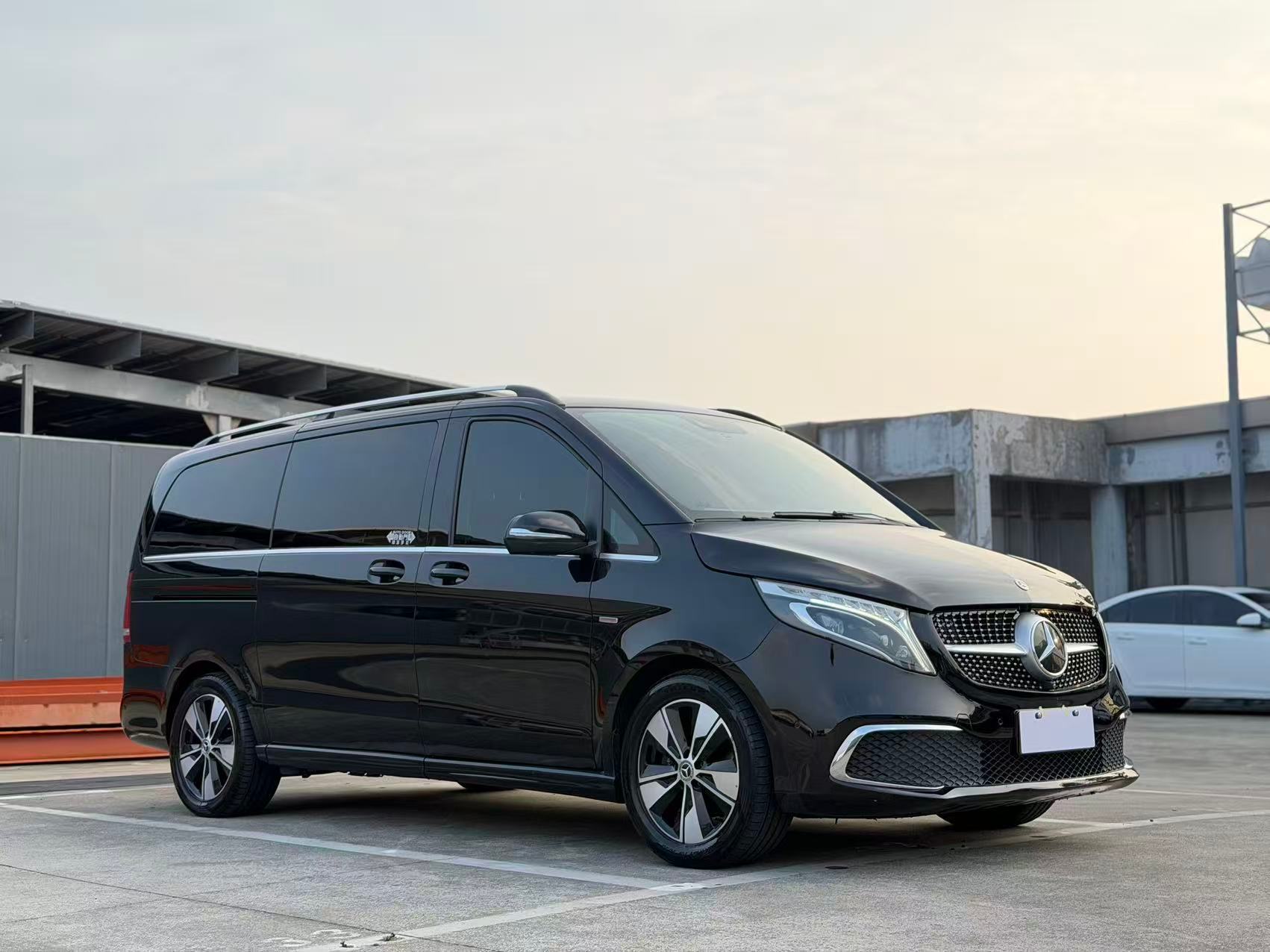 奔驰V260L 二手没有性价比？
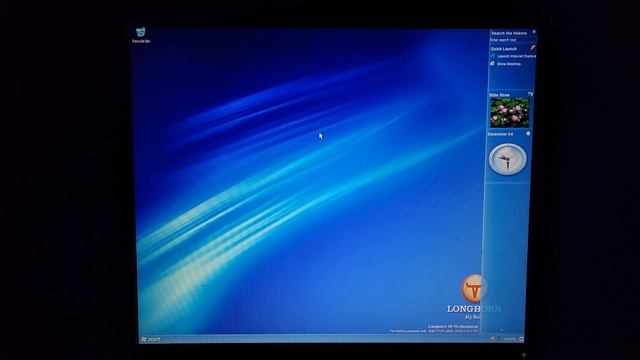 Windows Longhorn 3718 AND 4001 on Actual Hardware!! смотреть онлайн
==
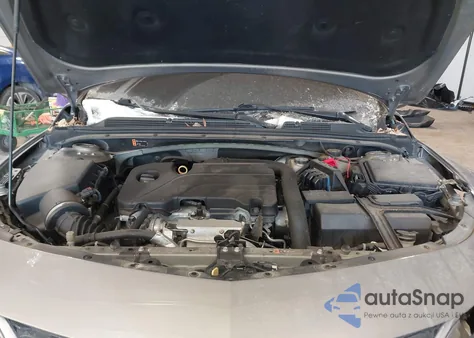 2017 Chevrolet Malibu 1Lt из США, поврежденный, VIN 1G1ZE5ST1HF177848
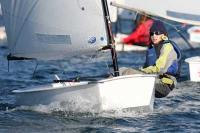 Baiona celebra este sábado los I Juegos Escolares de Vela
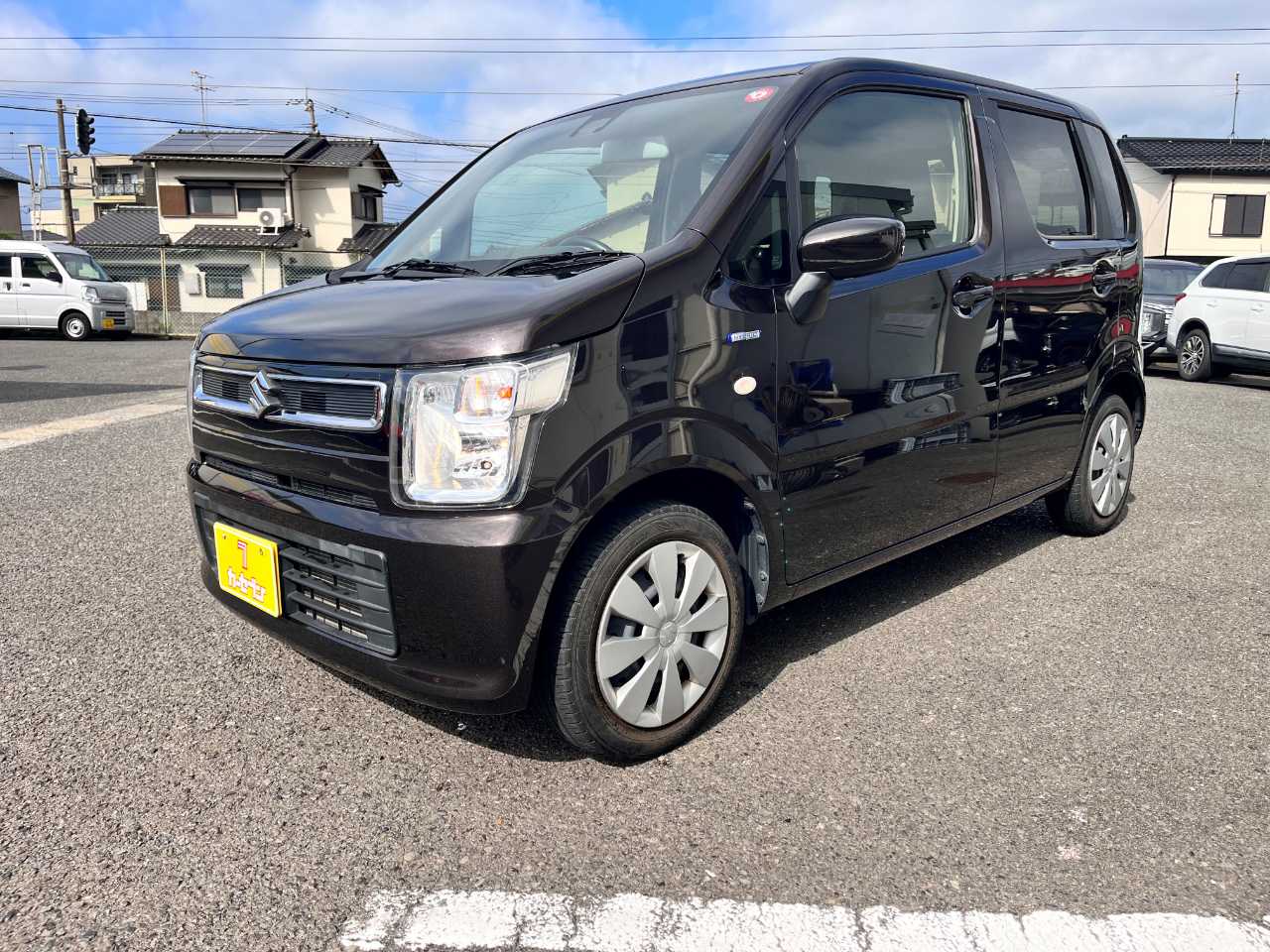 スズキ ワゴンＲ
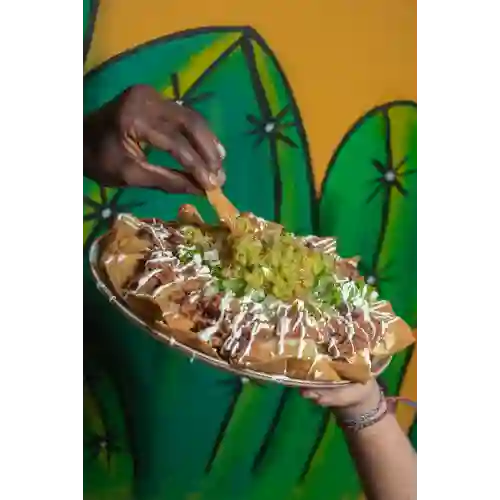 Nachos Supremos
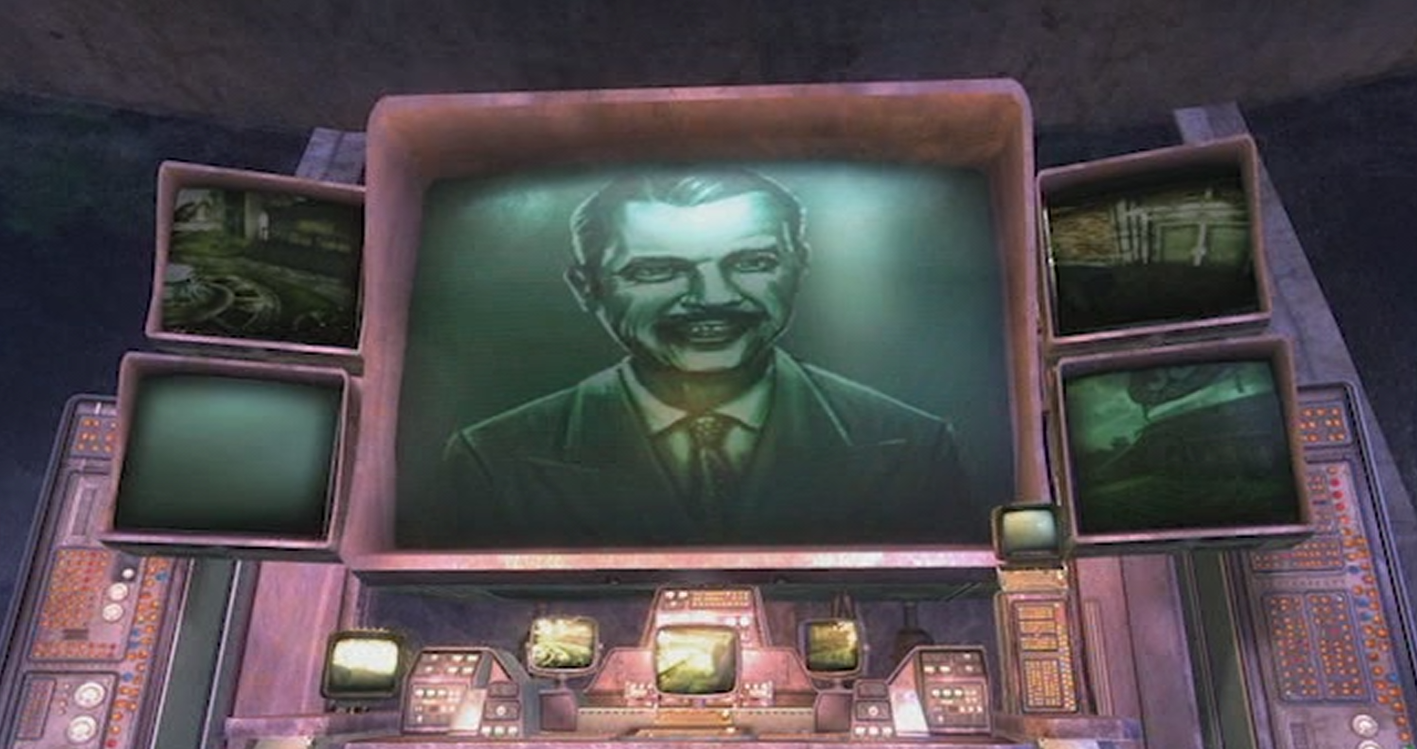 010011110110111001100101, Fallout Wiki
* * *
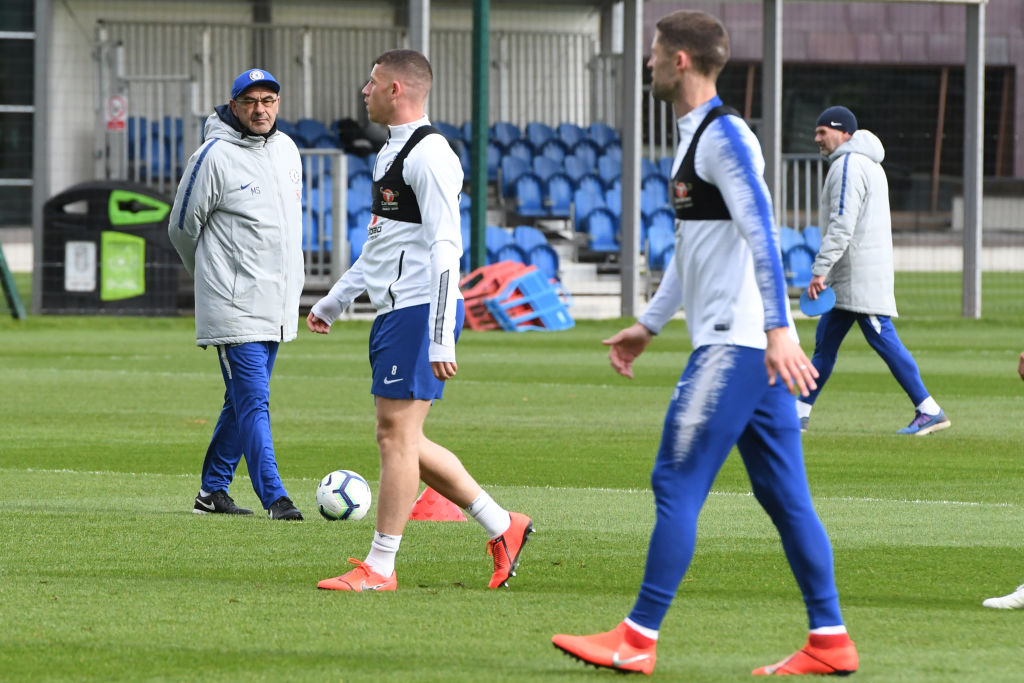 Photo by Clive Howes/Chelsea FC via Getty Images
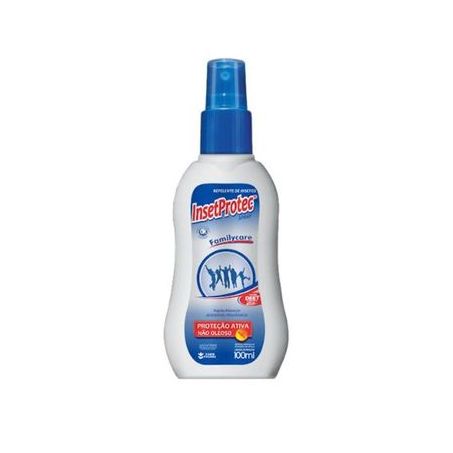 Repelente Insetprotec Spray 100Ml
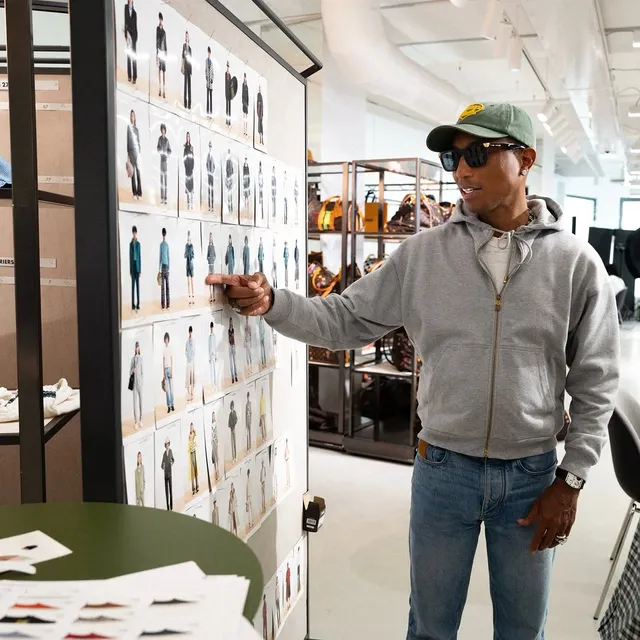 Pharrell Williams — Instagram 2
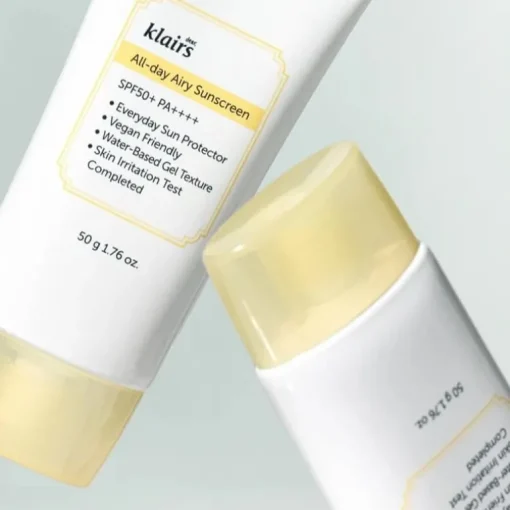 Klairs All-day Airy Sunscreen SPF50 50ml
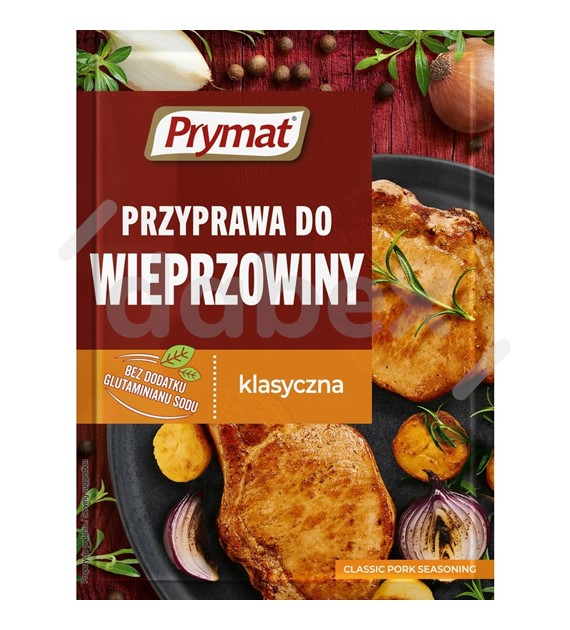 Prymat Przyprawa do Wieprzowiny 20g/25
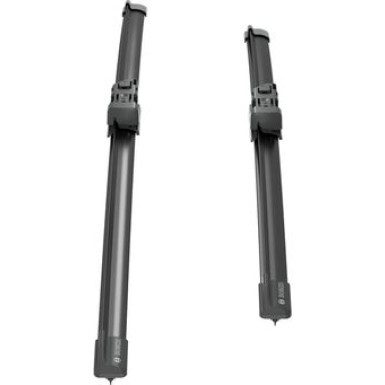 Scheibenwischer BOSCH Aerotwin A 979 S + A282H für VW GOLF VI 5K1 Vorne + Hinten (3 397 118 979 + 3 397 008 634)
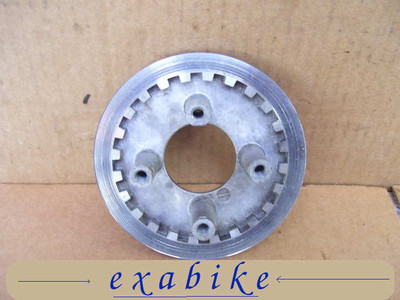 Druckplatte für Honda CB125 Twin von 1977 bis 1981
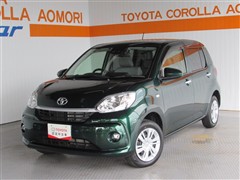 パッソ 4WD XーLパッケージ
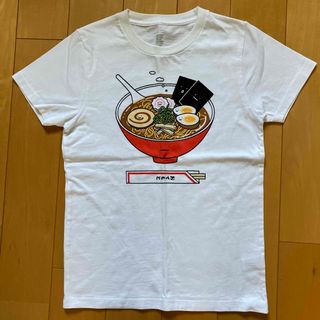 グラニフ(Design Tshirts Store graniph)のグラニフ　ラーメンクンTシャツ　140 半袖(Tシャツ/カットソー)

> _Problem_: Retype, exactly and with no pictures, everything above from the line with "Pharrell Williams — Instagram 2" down to the line with "グラニフ(Design Tshirts Store", both included.

> _Answer section_:
 Pharrell Williams — Instagram 2
 Klairs All-day Airy Sunscreen SPF50 50ml
 Prymat Przyprawa do Wieprzowiny 20g/25
 Scheibenwischer BOSCH Aerotwin A 979 S + A282H für VW GOLF VI 5K1 Vorne + Hinten (3 397 118 979 + 3 397 008 634)
 Druckplatte für Honda CB125 Twin von 1977 bis 1981
 パッソ 4WD XーLパッケージ
 グラニフ(Design Tshirts Store graniph)のグラニフ　ラーメンクンTシャツ　140 半袖(Tシャツ/カットソー)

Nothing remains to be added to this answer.